On our way to Hattiesburg, we received many calls from family worried that we were headed right into the hurricane’s path. Not once was I concerned. The decision to head to Mississippi was made after serious thought and prayer. As we sat inside watching the light wind blow and rain fall, we all felt very blessed to have dodged the storm and power outages. I thought the Hattiesburg area had completely missed the hurricane; however, after watching the news, it seemed like we were in the only area that truly missed the storm. Surrounding areas had trees down, power outages, and flooding. It was almost as though an umbrella had been held over our home for protection from the storm. A power outage would have raised everyone’s stress level a bit with Benjamin in the house. I am sure there is a little pressure when you take in our family. 🙂

On our way home, we made a stop to see Benjamin’s pulmonologist for a follow-up appointment after the hospital admit. He was pleasantly surprised by how wonderful Benjamin’s lungs sounded, and he felt there was no need for another x-ray. Thank goodness, because I am waiting for Benjamin to start glowing from all the radiation. Lennon and Dr. Urrego did have some interesting talks about Justin Beiber.

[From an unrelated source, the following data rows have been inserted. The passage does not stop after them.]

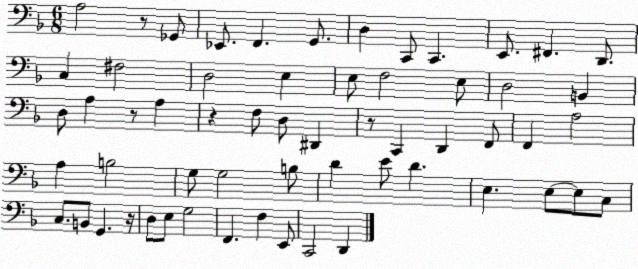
X:1
T:Untitled
M:6/8
L:1/4
K:F
A,2 z/2 _G,,/2 _E,,/2 F,, G,,/2 D, C,,/2 C,, E,,/2 ^F,, D,,/2 C, ^F,2 D,2 E, E,/2 F,2 E,/2 D,2 B,, D,/2 A, z/2 A, z F,/2 D,/2 ^D,, z/2 C,, D,, F,,/2 F,, A,2 A, B,2 G,/2 G,2 B,/2 D E/2 D E, E,/2 E,/2 C,/2 C,/2 B,,/2 G,, z/4 D,/2 E,/2 G,2 F,, F, E,,/2 C,,2 D,,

We have all settled in and Benjamin looks great. He has been off supplemental oxygen since we arrived back into Louisiana, and he continues to show progress. Last night, after I suctioned Benjamin’s nose, he started to tear up a little. (He hates nasal suctioning.) I started to walk out to get his food, and I stopped when I heard Benjamin crying quietly. Now this is not a normal baby cry, but it was some sort of vocal sound. Most mothers would be upset, but I was thrilled. I listened to such a wonderful sound for just a minute before I picked him up to calm him. To be able to know when he is upset, other than when I am staring right at him, would be wonderful. I eagerly look forward to the day I can rely on Benjamin to let me know when he needs me, and not just have to rely on a monitor.

Though we were able to miss damage from the hurricane, I have friends who did not. Please keep them in your prayers as they begin the recovery process.